John and Jane’s spikier arguments about race don’t necessarily find a satisfying resolution. Sometimes, the scene just moves on, and Jane never gets a full apology for John’s casually hurtful remarks. But regardless of the emotional distance or dysfunction that permeates their marriage, at the heart of it, these two bitterly flawed characters still choose each other. And isn’t that a nice sentiment from a man who once disdained marriage and kids and recently tied the knot with the mother of his children?
But one shouldn’t focus solely on what Glover brings to the screen as one-half of the central couple. Erskine claims the spotlight as Jane, providing Glover with a well-matched performance as John’s better half. It would be wrong to reduce her part to just being Waller-Bridge’s replacement, as Glover allows Erskine’s singular strengths and ability to complement the story shine through. She more than holds her own as Glover’s scene partner, moving effortlessly from scenes of action and comedy to strong emotion. One hopes she is well on her way to becoming a household name in her own right.

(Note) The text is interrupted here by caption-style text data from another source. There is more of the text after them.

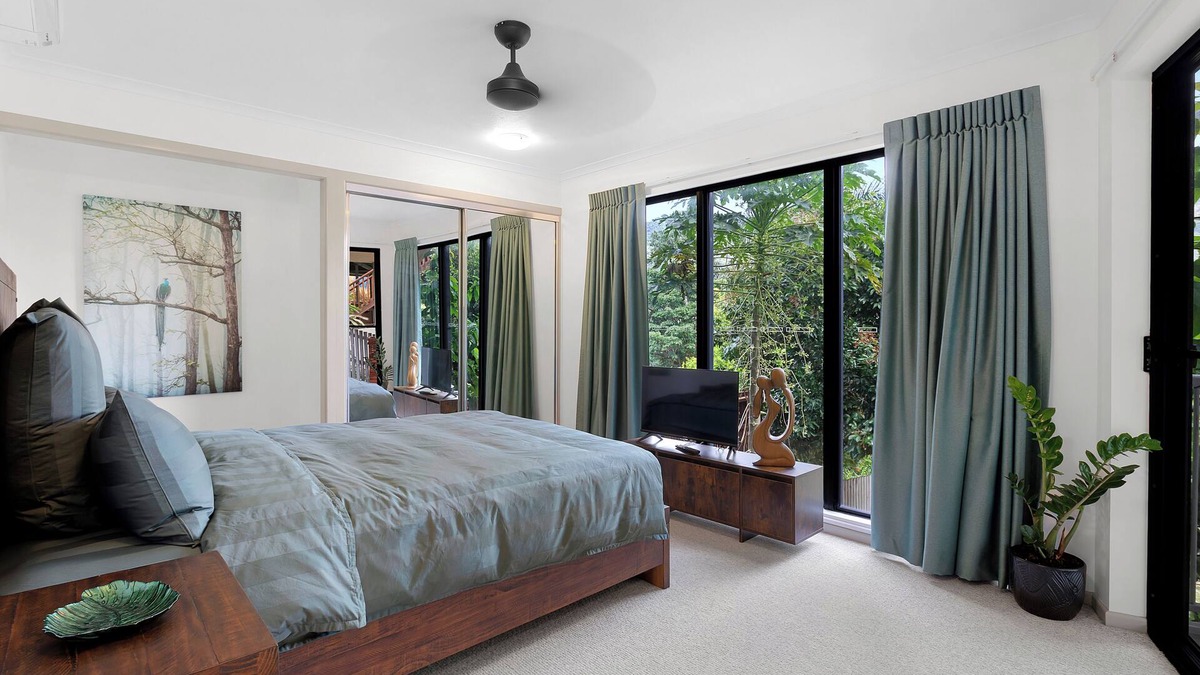 Jubilee Pocket Apartment | The Heart Stay at Airlie Beach - the heart of the Great Barrier Reef.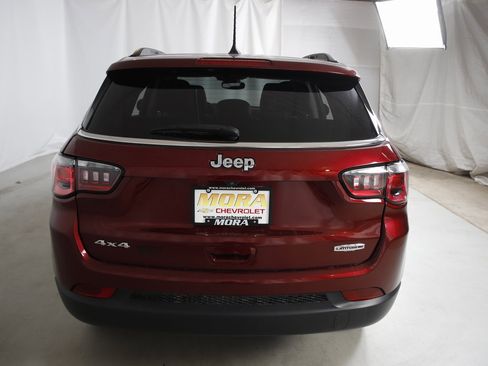Used 2022 Jeep Compass Latitude image 4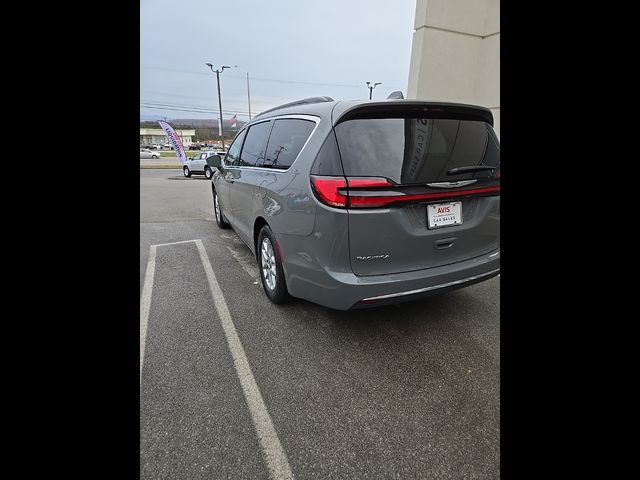 2022 Chrysler Pacifica Touring-L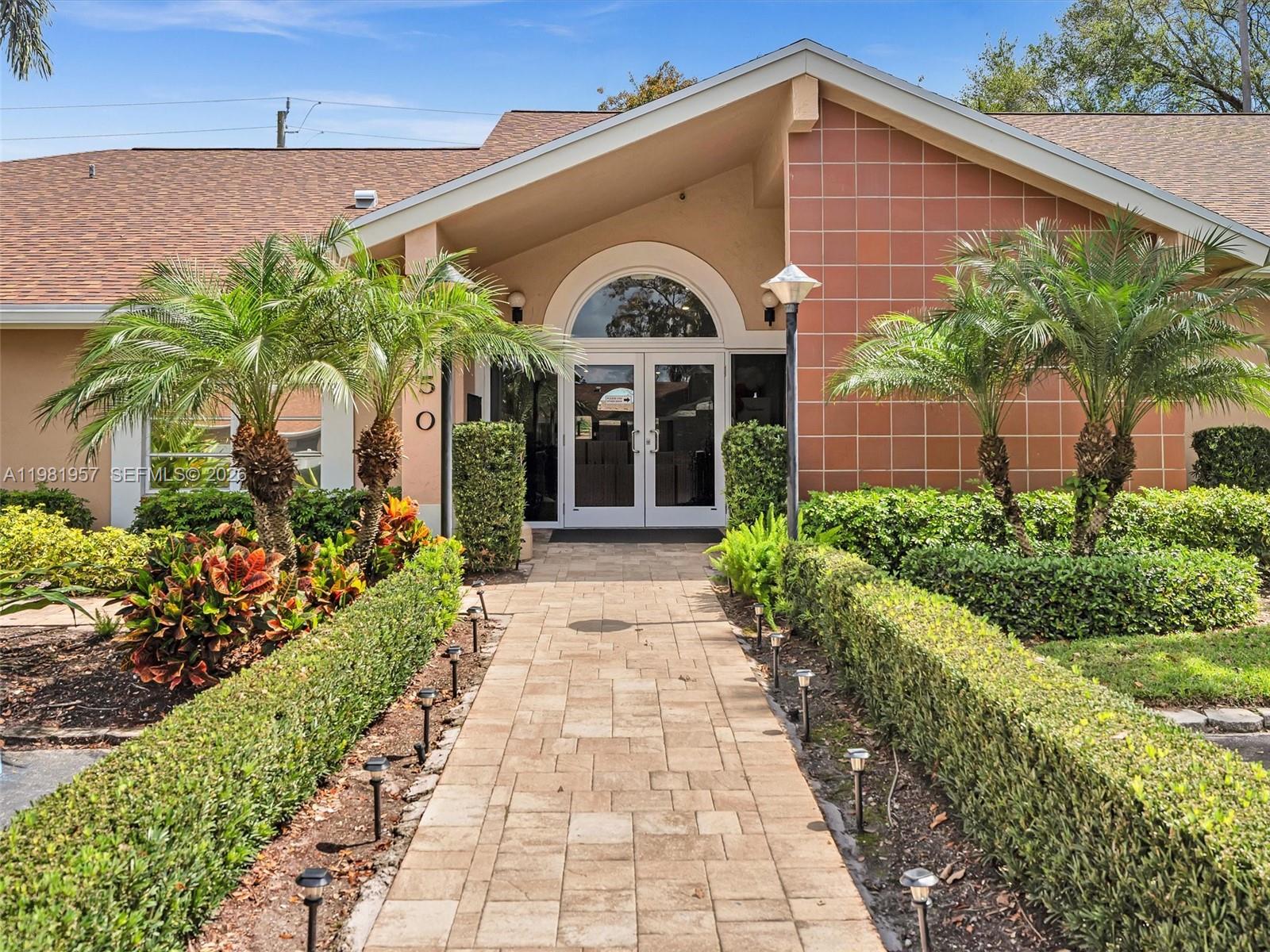 WHISPER WALK - Residential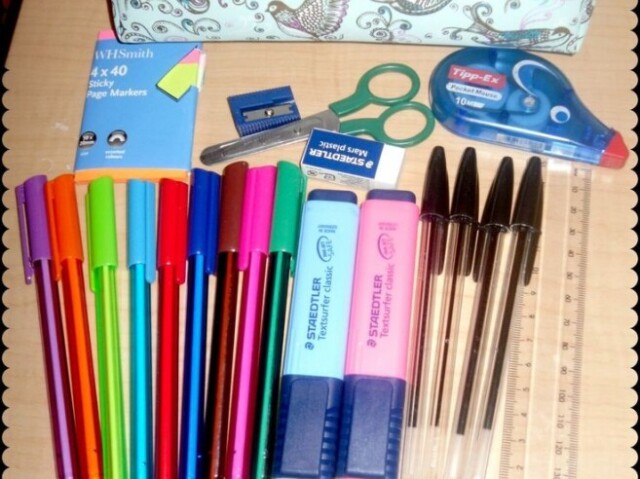 ✰✰ Escolha seu material escolar ✰✰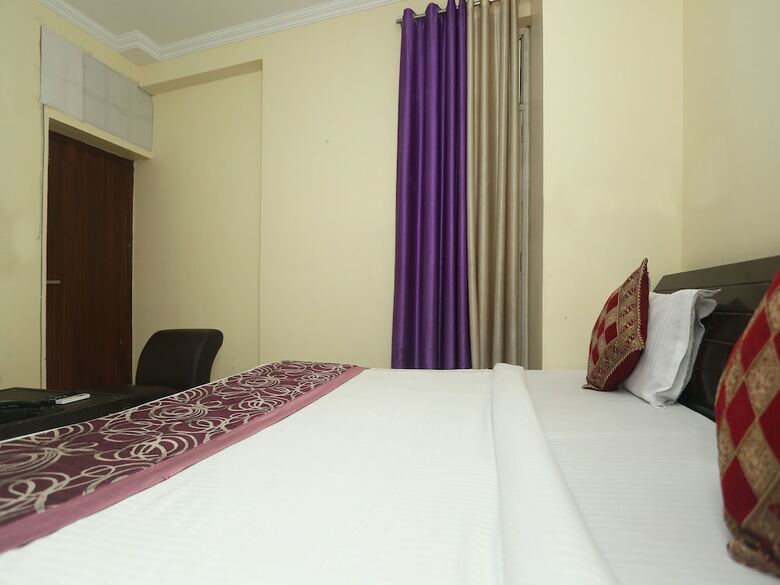 Hotel Oyo 5285 Apartment Impact Associates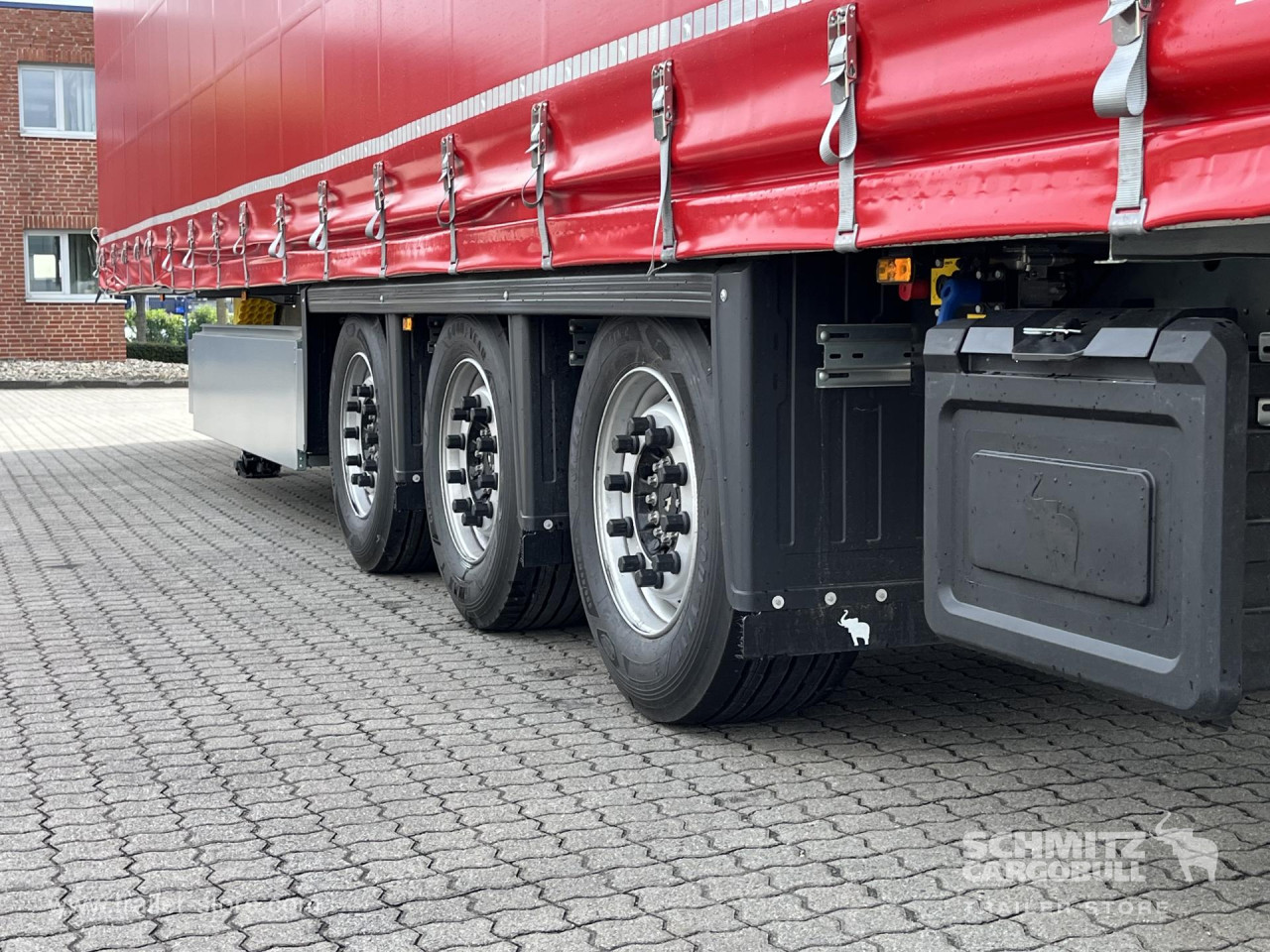 Schmitz Cargobull Curtainsider Mega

What’s interesting is how Erskine’s very presence allows viewers to frame the show with metatextual aspects of Glover’s public persona, especially when it relates to race. There have been criticisms levelled at the multi-hyphenate regarding his views on Asian women since his early Childish Gambino rapper days when he used fetishizing language to describe us. And people have gone so far as to pass judgment on the ethnicity of the women he has dated and now married, so it’s not unexpected that these topics would come up.
But in Mr. and Mrs. Smith, where Glover’s character is married to, working with, attracted to, and constantly having spirited debates with his half-Asian partner, their interracial relationship is actually one of the smallest aspects of the show’s themes. The far more interesting ideas are in how these two people reconcile their differences in heightened circumstances, negotiating professional and personal secrets, learning how to make compromises, and trying to build a life together in unusual environments.
Whatever deliberate and/or accidental references to real life that Mr. and Mrs. Smith evokes, alongside the raw and authentic emotional beats that it hits, the show forms a rich tapestry that exceeds the initially threadbare premise of hot married spies. Glover delivers his particular brand of polished yet provocative storytelling, aided by co-creator Francesca Sloane (who also wrote for Atlanta), and manages to be mostly successful in merging the personal and professional. Just like John and Jane.